[Extracted entries]
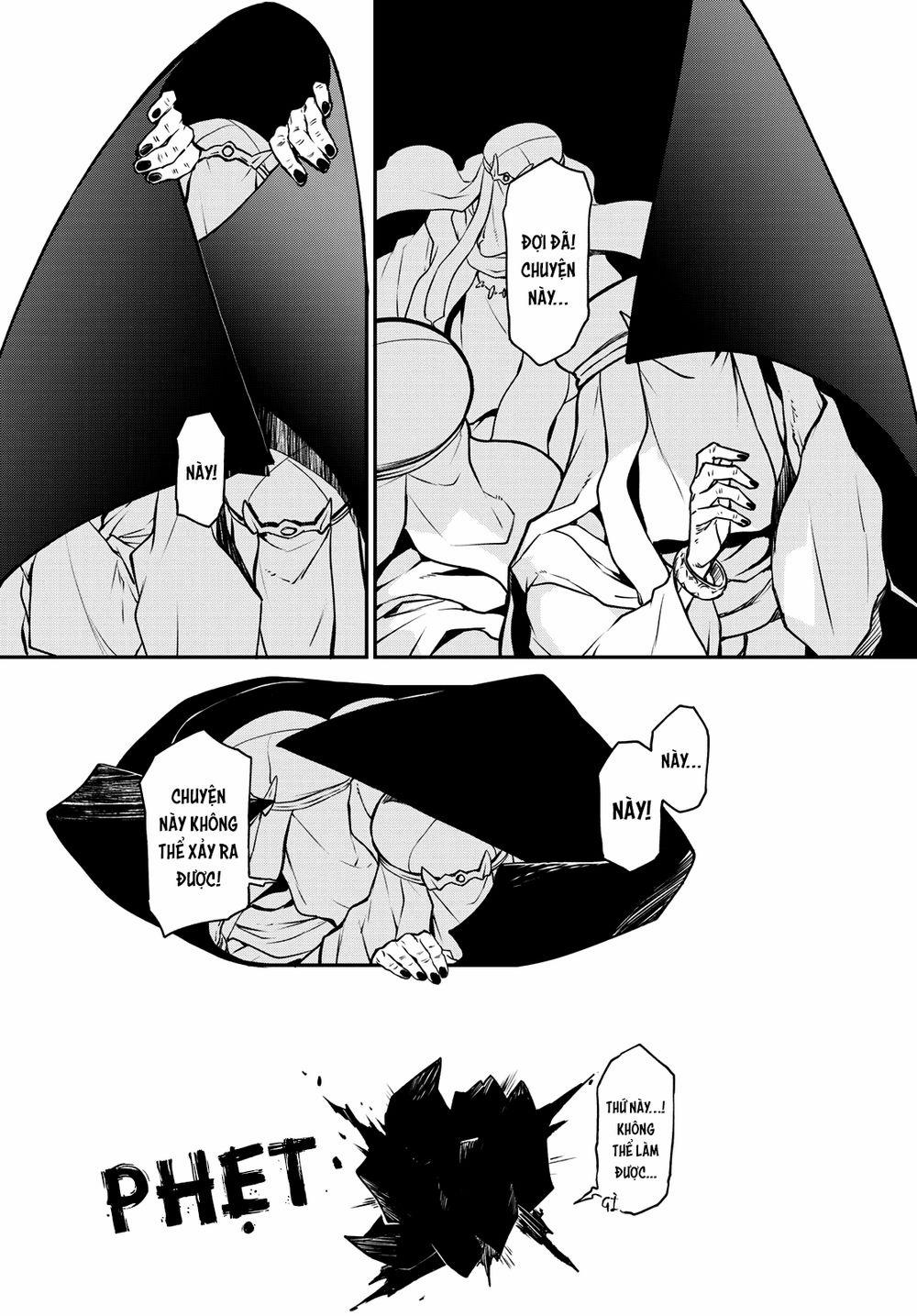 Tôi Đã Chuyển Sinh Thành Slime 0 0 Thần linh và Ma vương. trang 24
[/Extracted entries]
[Extracted entries]
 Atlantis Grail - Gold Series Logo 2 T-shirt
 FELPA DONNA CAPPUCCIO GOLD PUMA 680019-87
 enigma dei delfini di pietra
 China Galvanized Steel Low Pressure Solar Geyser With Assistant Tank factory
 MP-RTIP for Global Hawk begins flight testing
[/Extracted entries]
[Extracted entries]
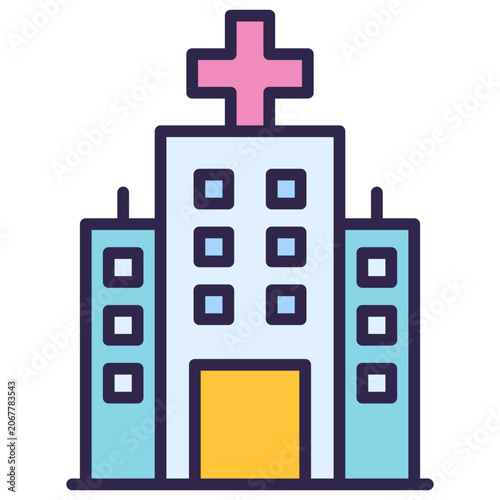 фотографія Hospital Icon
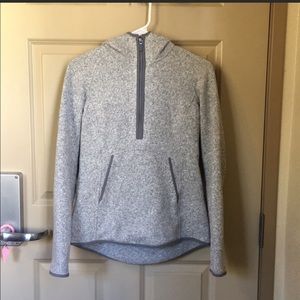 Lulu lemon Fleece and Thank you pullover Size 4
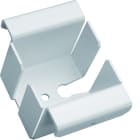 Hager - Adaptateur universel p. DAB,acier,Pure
[/Extracted entries]
The required answer is the exact run of lines above starting at the line with "FELPA DONNA CAPPUCCIO GOLD PUMA 680019-87" and ending at the line with "MP-RTIP for Global", with both ends present.

 FELPA DONNA CAPPUCCIO GOLD PUMA 680019-87
 enigma dei delfini di pietra
 China Galvanized Steel Low Pressure Solar Geyser With Assistant Tank factory
 MP-RTIP for Global Hawk begins flight testing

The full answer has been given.